Supplied data:
┏━━
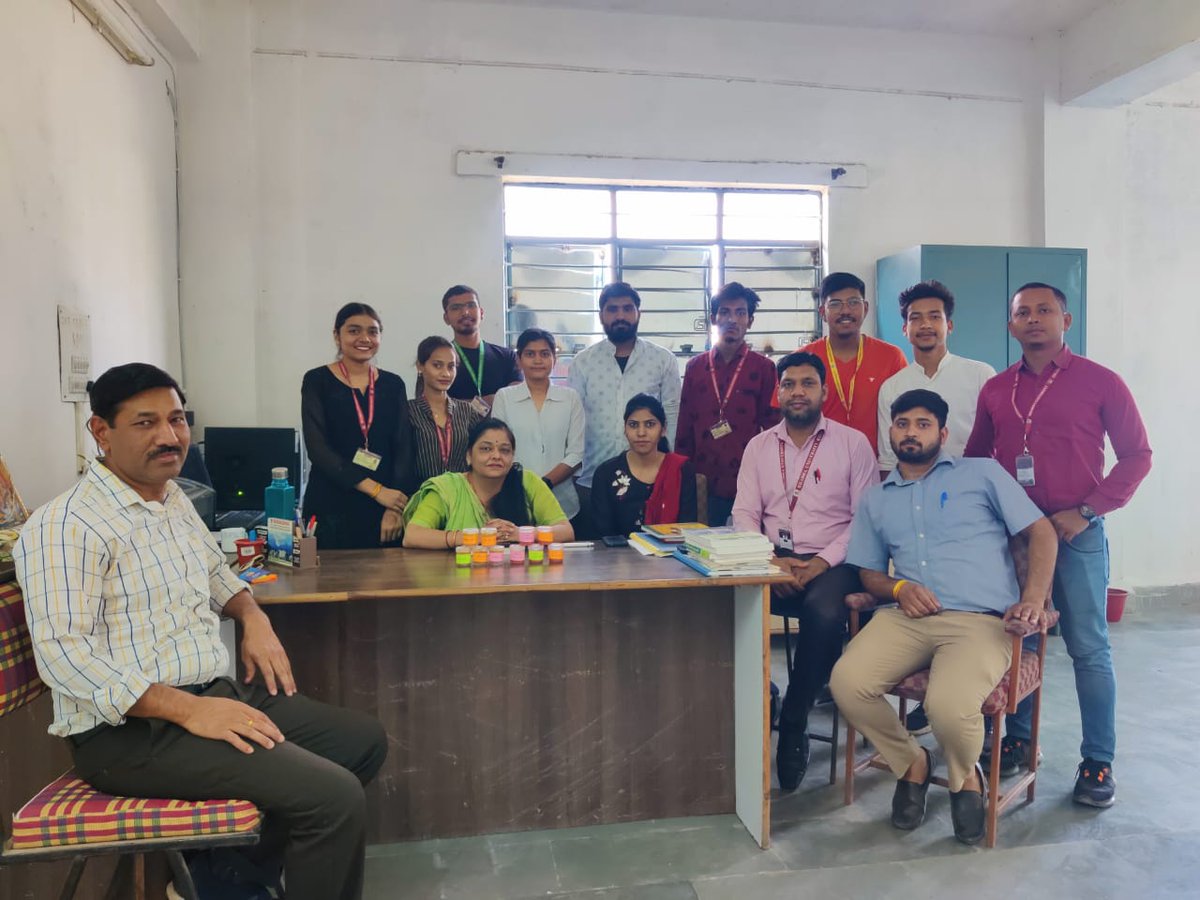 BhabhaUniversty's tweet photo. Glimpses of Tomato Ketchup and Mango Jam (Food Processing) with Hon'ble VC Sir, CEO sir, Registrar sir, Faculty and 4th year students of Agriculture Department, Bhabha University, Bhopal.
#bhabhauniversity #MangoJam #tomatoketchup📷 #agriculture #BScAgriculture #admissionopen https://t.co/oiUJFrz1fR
┗━━
┏━━
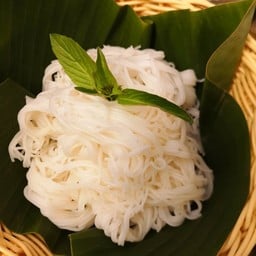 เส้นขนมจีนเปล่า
┗━━
What the task asks: Copy exactly the lines of the entries above from the one containing "BhabhaUniversty's tweet photo." through the one containing "#bhabhauniversity #MangoJam #tomatoketchup📷". Both end lines count; pictures do not.

Solution:
 BhabhaUniversty's tweet photo. Glimpses of Tomato Ketchup and Mango Jam (Food Processing) with Hon'ble VC Sir, CEO sir, Registrar sir, Faculty and 4th year students of Agriculture Department, Bhabha University, Bhopal.
#bhabhauniversity #MangoJam #tomatoketchup📷 #agriculture #BScAgriculture #admissionopen https://t.co/oiUJFrz1fR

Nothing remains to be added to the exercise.